> **WHAT IS EXPECTED**
Read through the data and report every line in which the word "with" occurs.

> **DATA**
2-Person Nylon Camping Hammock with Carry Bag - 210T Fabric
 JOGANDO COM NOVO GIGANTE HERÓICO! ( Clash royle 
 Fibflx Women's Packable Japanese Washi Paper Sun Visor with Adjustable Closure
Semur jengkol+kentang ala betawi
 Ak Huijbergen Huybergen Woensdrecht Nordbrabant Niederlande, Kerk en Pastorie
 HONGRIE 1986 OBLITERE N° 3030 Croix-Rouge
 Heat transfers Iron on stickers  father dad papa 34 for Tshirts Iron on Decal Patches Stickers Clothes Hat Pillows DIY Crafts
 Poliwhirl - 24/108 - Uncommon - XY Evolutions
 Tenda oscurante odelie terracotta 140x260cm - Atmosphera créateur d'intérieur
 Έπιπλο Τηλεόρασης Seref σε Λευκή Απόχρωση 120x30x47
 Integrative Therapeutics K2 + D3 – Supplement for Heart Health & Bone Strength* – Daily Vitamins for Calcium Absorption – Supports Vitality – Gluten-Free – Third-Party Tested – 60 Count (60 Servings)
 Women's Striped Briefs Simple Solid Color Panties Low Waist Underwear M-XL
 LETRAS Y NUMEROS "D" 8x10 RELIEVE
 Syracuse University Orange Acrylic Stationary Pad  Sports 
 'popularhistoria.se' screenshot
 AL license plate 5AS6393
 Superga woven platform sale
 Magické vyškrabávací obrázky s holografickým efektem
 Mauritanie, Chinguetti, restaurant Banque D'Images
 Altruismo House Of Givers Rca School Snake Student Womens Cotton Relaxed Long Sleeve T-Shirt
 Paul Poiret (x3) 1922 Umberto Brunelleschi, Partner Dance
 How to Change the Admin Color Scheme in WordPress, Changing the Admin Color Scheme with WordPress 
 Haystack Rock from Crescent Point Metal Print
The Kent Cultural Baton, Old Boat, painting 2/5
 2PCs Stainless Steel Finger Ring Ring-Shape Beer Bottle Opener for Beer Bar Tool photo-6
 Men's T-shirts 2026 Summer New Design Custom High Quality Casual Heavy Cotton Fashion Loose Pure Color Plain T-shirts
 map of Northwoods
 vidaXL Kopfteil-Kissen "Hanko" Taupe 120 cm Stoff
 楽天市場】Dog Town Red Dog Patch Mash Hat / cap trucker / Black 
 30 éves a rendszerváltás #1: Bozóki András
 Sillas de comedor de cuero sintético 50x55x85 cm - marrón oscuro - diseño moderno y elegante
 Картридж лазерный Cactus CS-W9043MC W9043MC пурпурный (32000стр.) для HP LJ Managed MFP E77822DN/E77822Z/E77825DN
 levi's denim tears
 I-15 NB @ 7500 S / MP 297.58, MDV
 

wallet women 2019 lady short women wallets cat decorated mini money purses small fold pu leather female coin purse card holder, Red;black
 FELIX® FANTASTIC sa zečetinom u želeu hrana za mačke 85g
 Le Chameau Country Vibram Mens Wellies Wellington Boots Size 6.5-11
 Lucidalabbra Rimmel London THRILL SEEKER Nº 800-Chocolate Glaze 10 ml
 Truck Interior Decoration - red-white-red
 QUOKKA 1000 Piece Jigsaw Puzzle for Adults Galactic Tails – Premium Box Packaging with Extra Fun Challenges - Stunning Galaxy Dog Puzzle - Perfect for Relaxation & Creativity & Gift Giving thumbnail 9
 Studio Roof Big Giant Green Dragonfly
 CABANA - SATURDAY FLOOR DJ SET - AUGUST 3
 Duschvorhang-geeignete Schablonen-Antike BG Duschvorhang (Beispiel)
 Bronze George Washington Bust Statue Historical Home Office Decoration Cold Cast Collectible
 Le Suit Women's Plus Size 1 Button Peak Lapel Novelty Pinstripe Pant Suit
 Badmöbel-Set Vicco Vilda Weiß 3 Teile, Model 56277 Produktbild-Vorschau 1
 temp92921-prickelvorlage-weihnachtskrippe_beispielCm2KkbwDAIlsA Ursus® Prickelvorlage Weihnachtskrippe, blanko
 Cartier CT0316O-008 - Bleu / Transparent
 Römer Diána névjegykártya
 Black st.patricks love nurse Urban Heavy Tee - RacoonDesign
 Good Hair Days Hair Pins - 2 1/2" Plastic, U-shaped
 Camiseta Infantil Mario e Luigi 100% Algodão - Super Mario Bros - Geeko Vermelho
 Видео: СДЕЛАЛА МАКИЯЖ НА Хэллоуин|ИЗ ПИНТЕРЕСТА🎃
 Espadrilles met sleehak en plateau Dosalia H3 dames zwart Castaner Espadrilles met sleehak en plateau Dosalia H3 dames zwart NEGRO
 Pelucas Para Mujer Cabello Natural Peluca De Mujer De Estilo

> **OUTPUT**
2-Person Nylon Camping Hammock with Carry Bag - 210T Fabric
 Fibflx Women's Packable Japanese Washi Paper Sun Visor with Adjustable Closure
 How to Change the Admin Color Scheme in WordPress, Changing the Admin Color Scheme with WordPress 
 QUOKKA 1000 Piece Jigsaw Puzzle for Adults Galactic Tails – Premium Box Packaging with Extra Fun Challenges - Stunning Galaxy Dog Puzzle - Perfect for Relaxation & Creativity & Gift Giving thumbnail 9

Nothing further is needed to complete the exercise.